What is required: Every line from the first one in the data below through the line holding "Glass Tea Kettle" is to be written out exactly, with the pictures omitted.

Image-caption web data
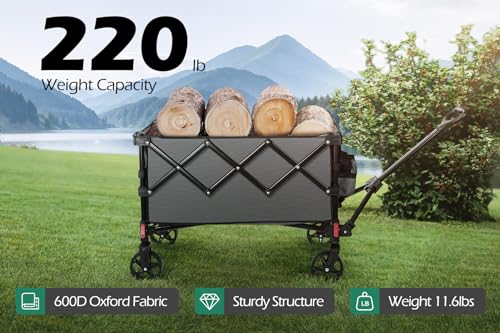 Leonyo 220Lbs Foldable Grocery Wagon Cart with Wheels for Camping, Grey - color: Gray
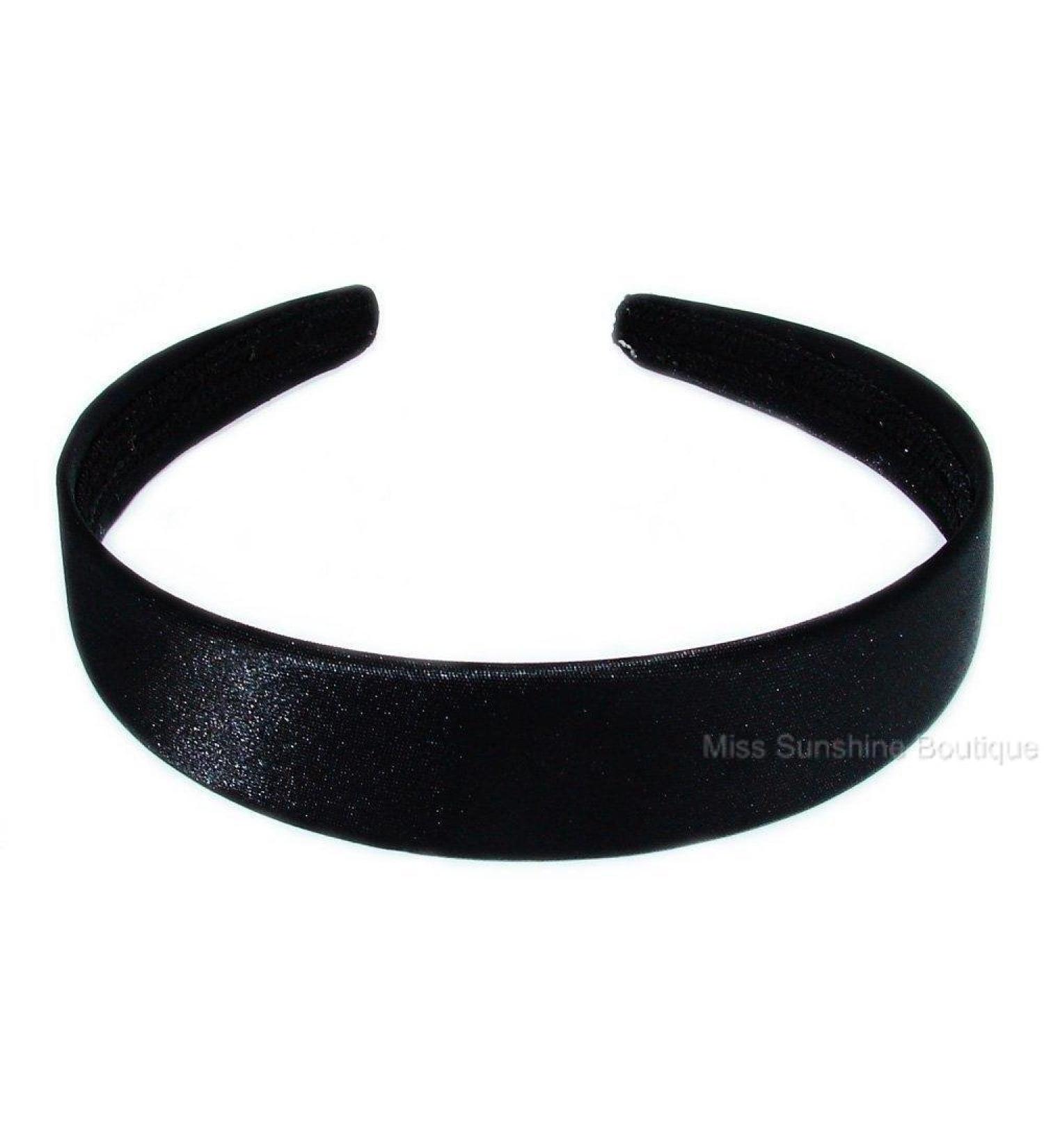 aliceband - plain wide (2.5 cm) flat black satin hairband headband Black
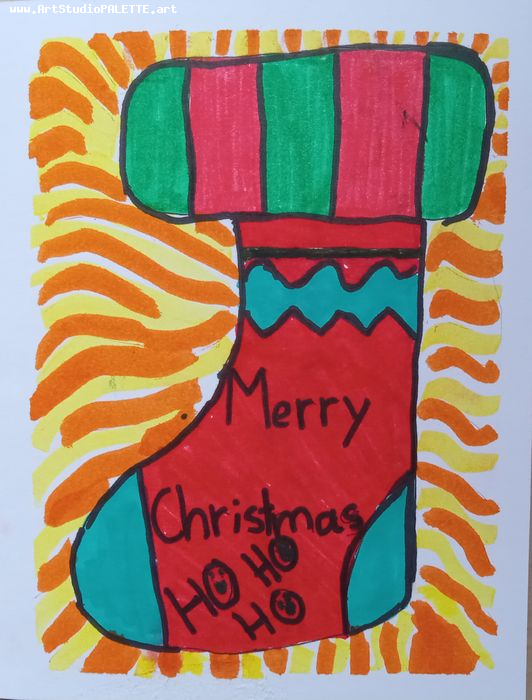 Art Studio PALETTE. Evelina Urbanczyk Picture. Greeting Card Marker Holidays Christmas 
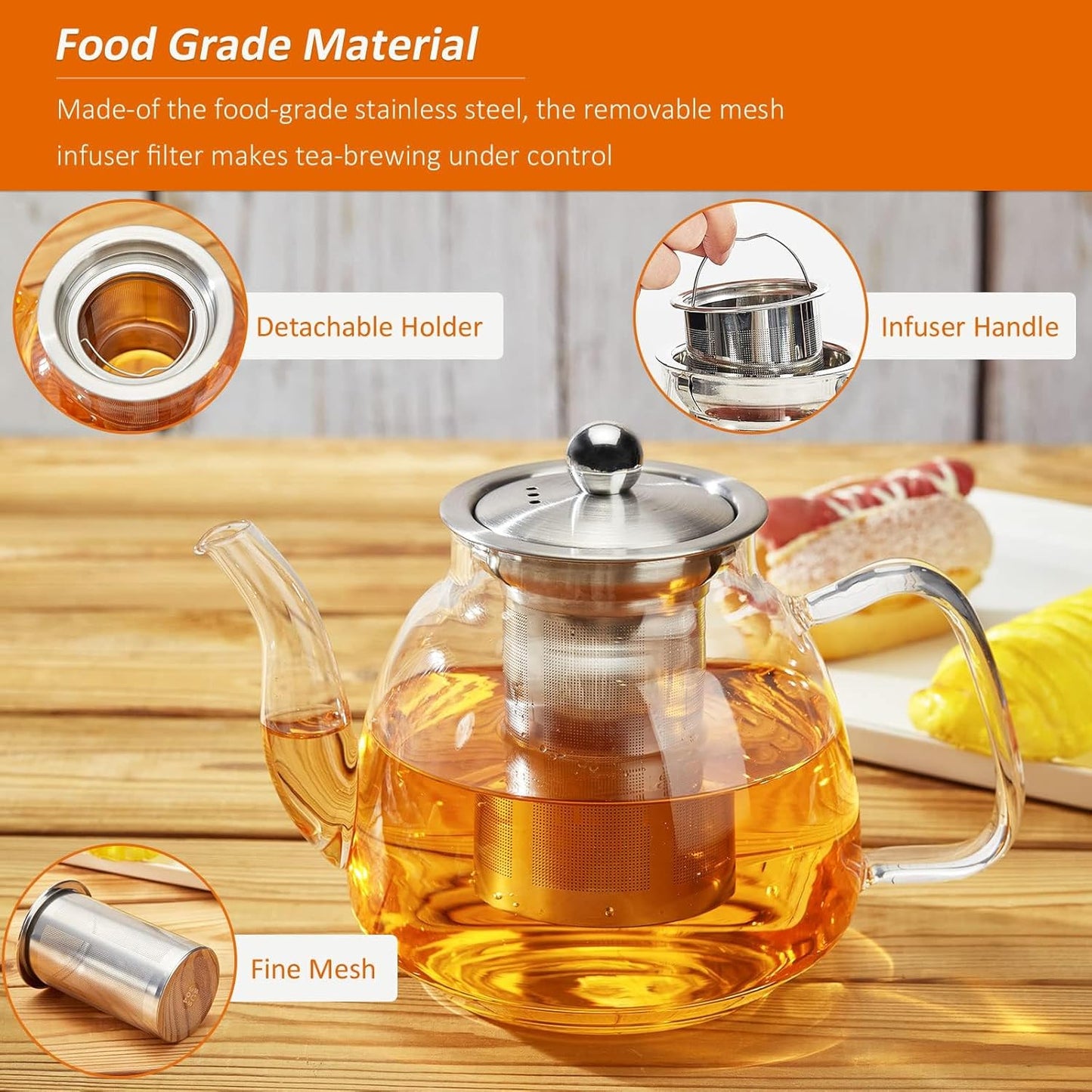 Glass Tea Kettle with Stainless Steel Infuser - 42oz/1250ml, Stovetop & Microwave Safe - Ideal for Blooming and Loose Leaf Tea - Tea Maker's Favorite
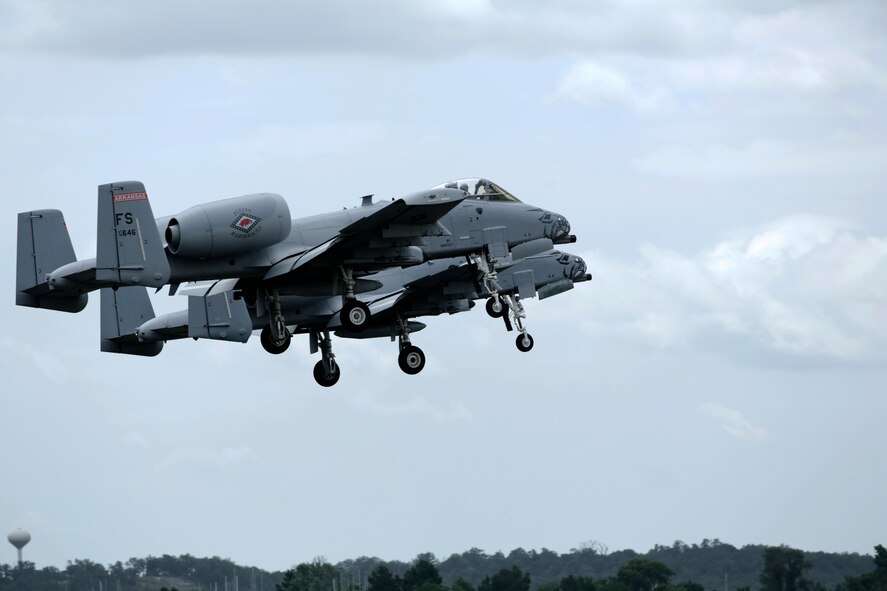 Two 188th Wing A-10C Thunderbolt II “Warthogs” piloted by Col. Mark Anderson, 188th Wing commander, and Maj. Doug Davis, 188th Detachment 1 commander, take off from Ebbing Air National Guard Base, Fort Smith, Arkansas, June 7, 2014. This sortie marked the wing’s final A-10 departure and capped the 188th’s Conversion Day ceremony, which recognized the many changes occurring at the wing as a result of its conversion to a remotely piloted aircraft (MQ-9 Reapers) and intelligence, surveillance and reconnaissance mission. The 188th Fighter Wing was also redesignated as the 188th Wing during the event. (U.S. Air National Guard photo by Master Sgt. Mark Moore)
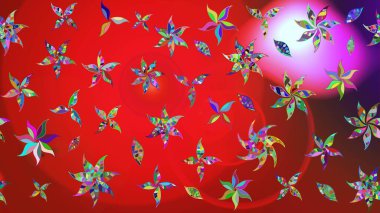 Çiçekli karalama şeklinde Raster çiçek deseni. Nazik, narin çiçek arkaplanı. Kırmızı ve mor renkte çiçekler.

Output below:
 Leonyo 220Lbs Foldable Grocery Wagon Cart with Wheels for Camping, Grey - color: Gray
 aliceband - plain wide (2.5 cm) flat black satin hairband headband Black
 Art Studio PALETTE. Evelina Urbanczyk Picture. Greeting Card Marker Holidays Christmas 
 Glass Tea Kettle with Stainless Steel Infuser - 42oz/1250ml, Stovetop & Microwave Safe - Ideal for Blooming and Loose Leaf Tea - Tea Maker's Favorite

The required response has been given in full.